▸ Task prompt: Exactly what is written in the records below should be returned, minus the images.

-------

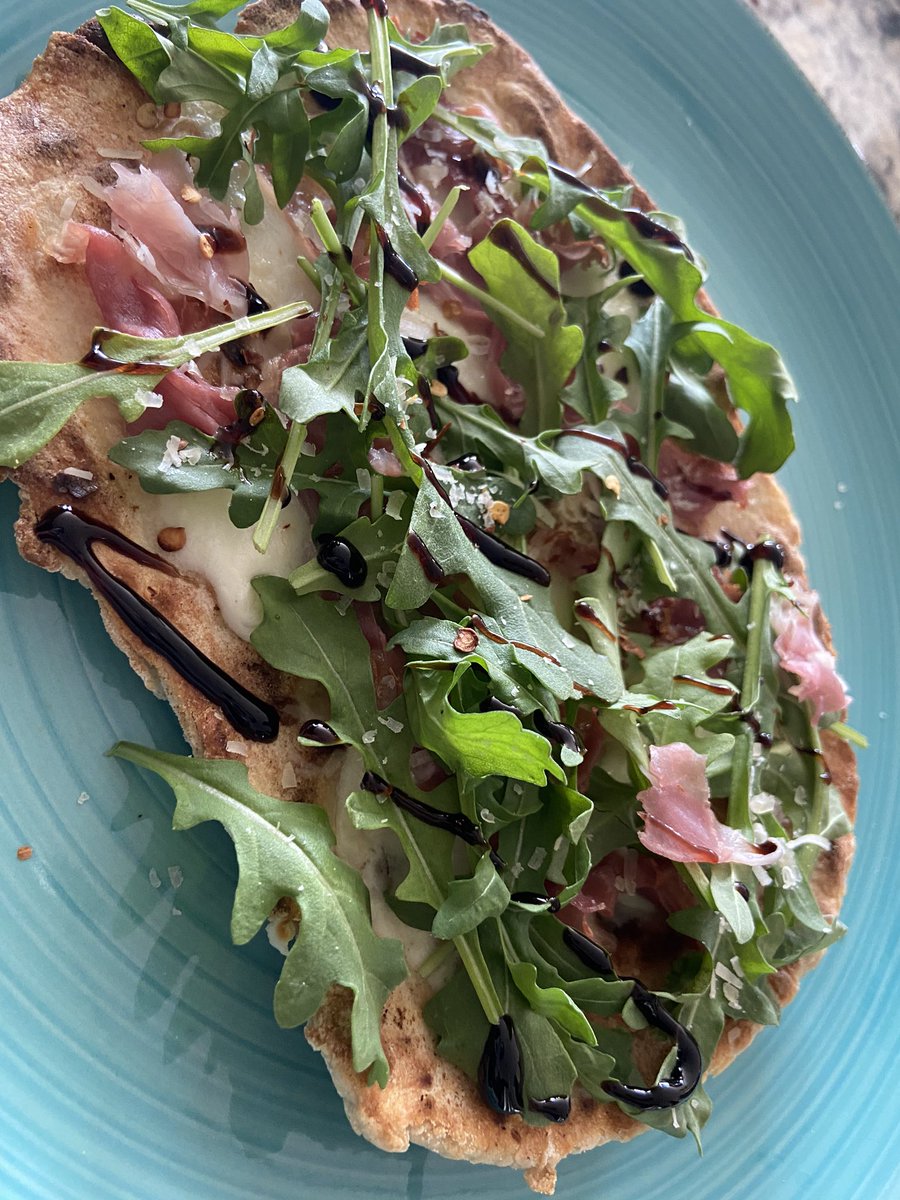 LindsaySaidSo's tweet photo. My daughter and I made flatbreads for Home Economics Lesson lol! Hers will be pizza later...mine was lunch...Arugula, fresh mozzarella, prosciutto and balsamic glaze! ๐ฅ๐ฅ #QuarantineCookingClub https://t.co/8GlJHKOd8K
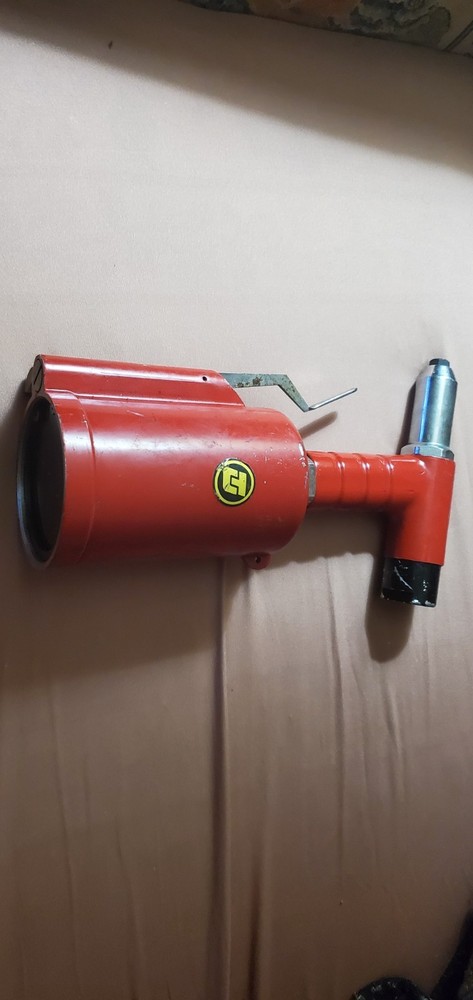 UNIVERSAL TOOL UT-8920 PNEUMATIC RIVETER GUN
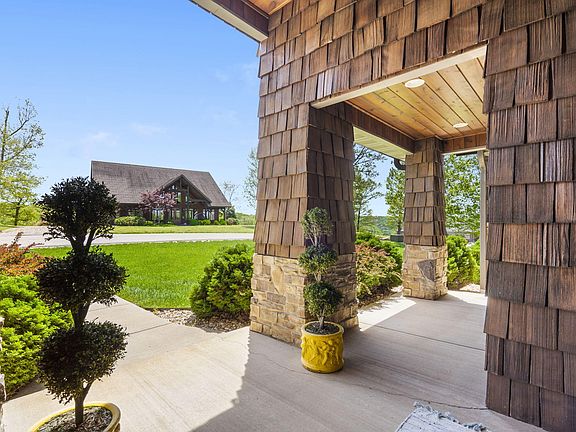5th image of 126 Pinnacle Shores Drive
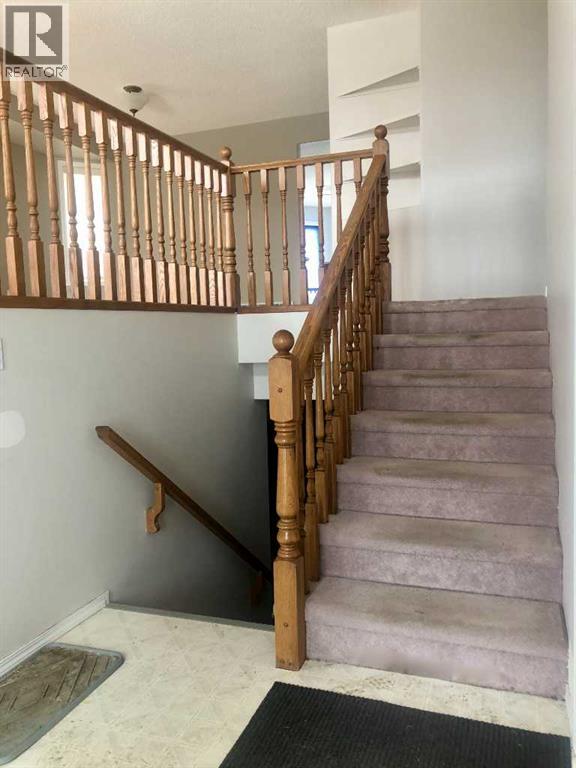 10804 105 Street, High Level, Alberta  T0H 1Z0 - Photo 4 - A2303709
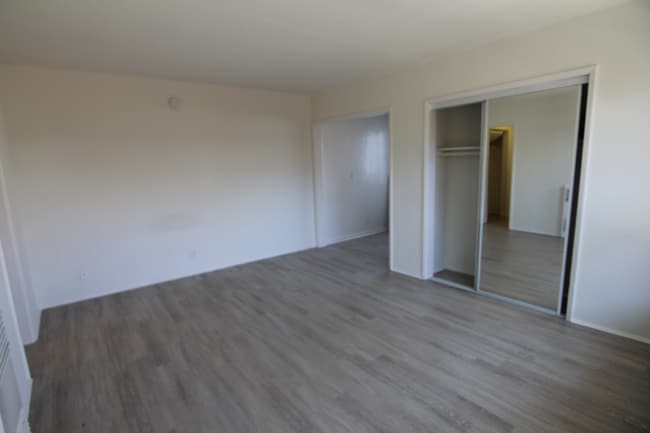 Photo - 1210 N Berendo St Unit 4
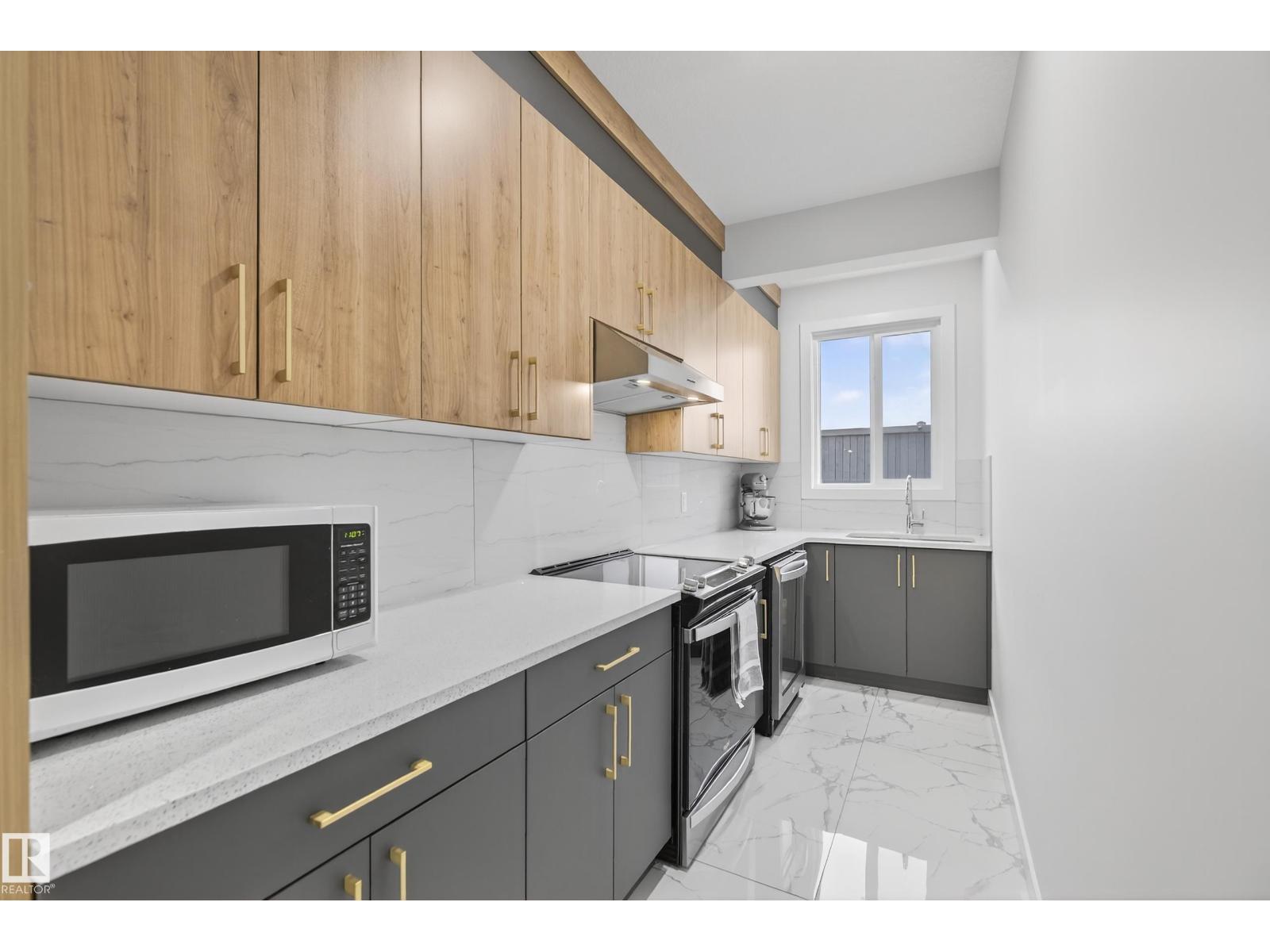 1104 152 AV NW, Edmonton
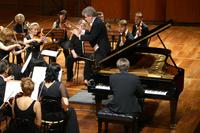 Orchestra Filarmonica di Praga diretta da Jiří Belohlavek, Freddy Kempf al pianoforte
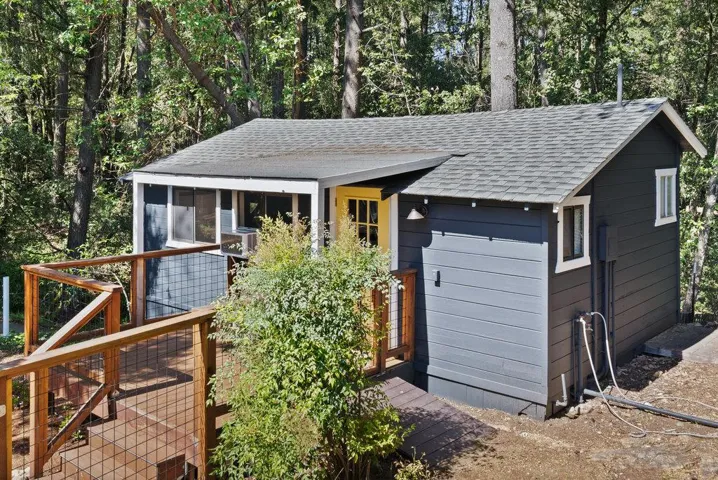 226 Kelly Lane, Santa Cruz, California 95060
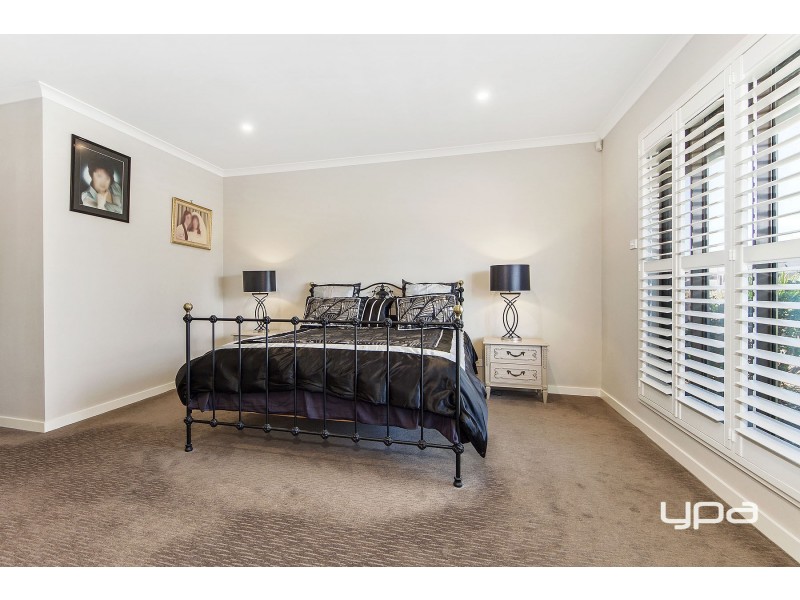 5 Pacific Boulevard, Taylors Hill VIC 3037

-------

▸ Task result:
 LindsaySaidSo's tweet photo. My daughter and I made flatbreads for Home Economics Lesson lol! Hers will be pizza later...mine was lunch...Arugula, fresh mozzarella, prosciutto and balsamic glaze! ๐ฅ๐ฅ #QuarantineCookingClub https://t.co/8GlJHKOd8K
 UNIVERSAL TOOL UT-8920 PNEUMATIC RIVETER GUN
5th image of 126 Pinnacle Shores Drive
 10804 105 Street, High Level, Alberta  T0H 1Z0 - Photo 4 - A2303709
 Photo - 1210 N Berendo St Unit 4
 1104 152 AV NW, Edmonton
 Orchestra Filarmonica di Praga diretta da Jiří Belohlavek, Freddy Kempf al pianoforte
 226 Kelly Lane, Santa Cruz, California 95060
 5 Pacific Boulevard, Taylors Hill VIC 3037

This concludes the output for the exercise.